WHAT YOU NEED TO DO: Below, some lines carry pictures; leave those pictures out and retype exactly the lines from the one with "Ciaell 200PCS Silver" through the one with "BLUZAT Suit With".

LISTED ENTRIES:
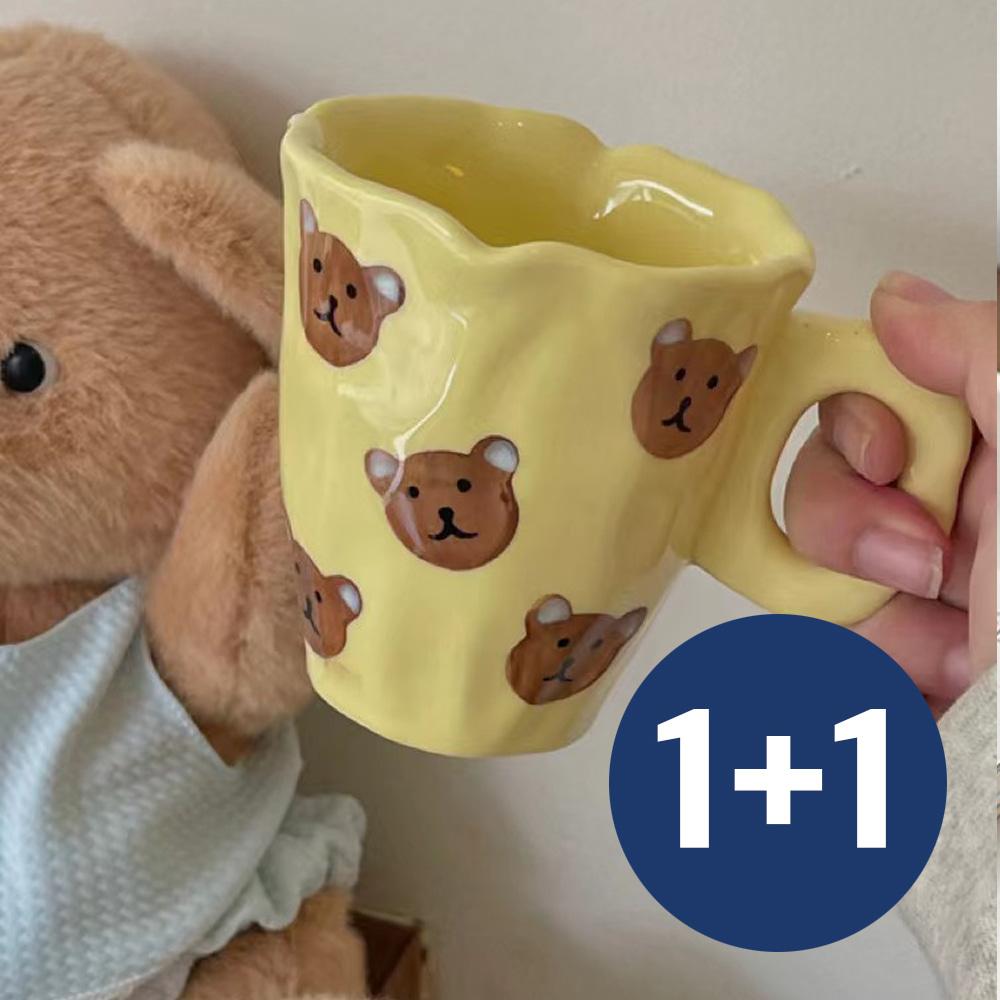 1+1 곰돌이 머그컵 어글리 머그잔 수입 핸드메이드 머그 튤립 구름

---

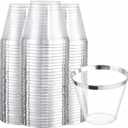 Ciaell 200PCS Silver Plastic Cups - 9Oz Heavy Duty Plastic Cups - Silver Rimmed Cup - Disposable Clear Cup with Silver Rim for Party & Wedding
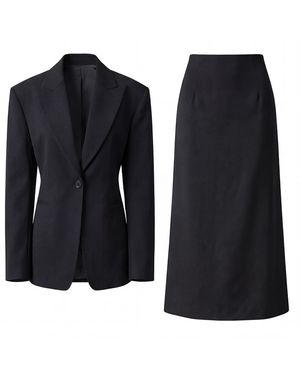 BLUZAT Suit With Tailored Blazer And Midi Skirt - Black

--

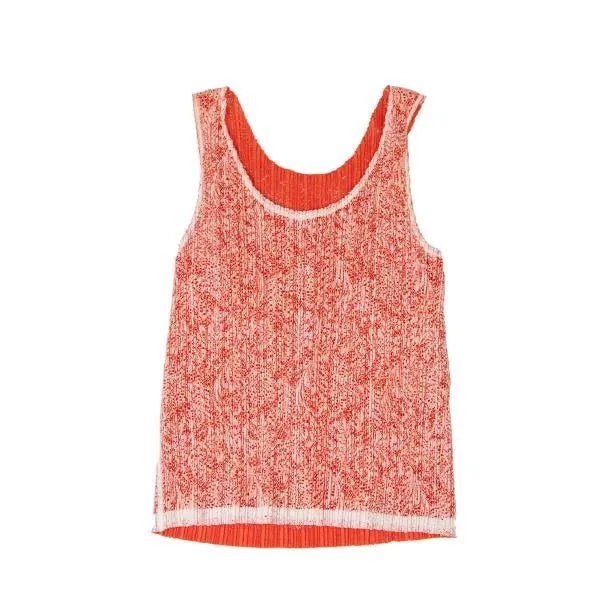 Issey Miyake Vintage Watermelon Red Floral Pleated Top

EXERCISE SOLUTION:
 Ciaell 200PCS Silver Plastic Cups - 9Oz Heavy Duty Plastic Cups - Silver Rimmed Cup - Disposable Clear Cup with Silver Rim for Party & Wedding
 BLUZAT Suit With Tailored Blazer And Midi Skirt - Black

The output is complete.